About this exercise:
Everything in the records below from the line containing "In this video, let" through the line containing "Hi everyone, in" is to be reproduced exactly, those two lines included; no picture is to be copied.
Given data START
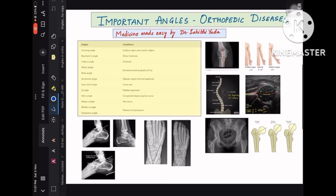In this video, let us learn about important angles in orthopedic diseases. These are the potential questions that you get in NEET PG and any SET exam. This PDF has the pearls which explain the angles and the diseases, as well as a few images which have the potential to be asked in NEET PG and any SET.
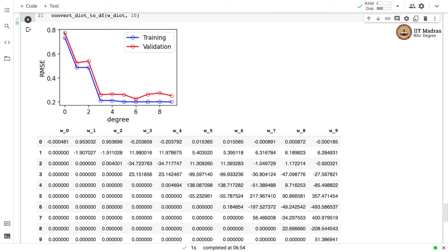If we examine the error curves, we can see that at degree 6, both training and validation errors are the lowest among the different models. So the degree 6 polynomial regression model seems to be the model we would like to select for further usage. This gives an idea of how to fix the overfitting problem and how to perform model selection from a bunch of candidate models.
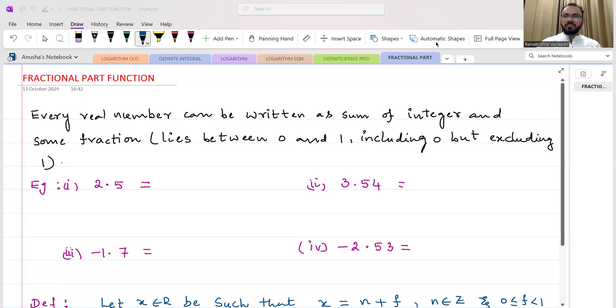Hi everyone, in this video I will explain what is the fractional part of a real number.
Given data END
Given data START
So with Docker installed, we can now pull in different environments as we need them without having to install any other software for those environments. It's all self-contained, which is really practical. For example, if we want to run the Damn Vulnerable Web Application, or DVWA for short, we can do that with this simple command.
Given data END
Given data START
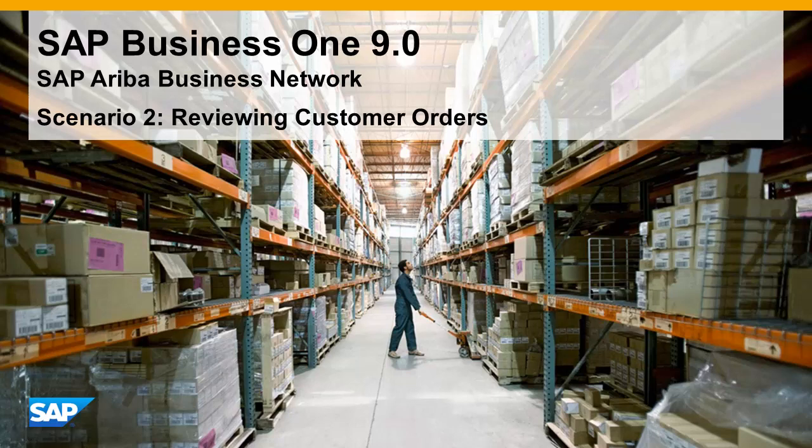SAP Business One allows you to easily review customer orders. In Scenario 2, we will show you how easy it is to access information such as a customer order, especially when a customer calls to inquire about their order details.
Given data END
Answer for the task:
In this video, let us learn about important angles in orthopedic diseases. These are the potential questions that you get in NEET PG and any SET exam. This PDF has the pearls which explain the angles and the diseases, as well as a few images which have the potential to be asked in NEET PG and any SET.
If we examine the error curves, we can see that at degree 6, both training and validation errors are the lowest among the different models. So the degree 6 polynomial regression model seems to be the model we would like to select for further usage. This gives an idea of how to fix the overfitting problem and how to perform model selection from a bunch of candidate models.
Hi everyone, in this video I will explain what is the fractional part of a real number.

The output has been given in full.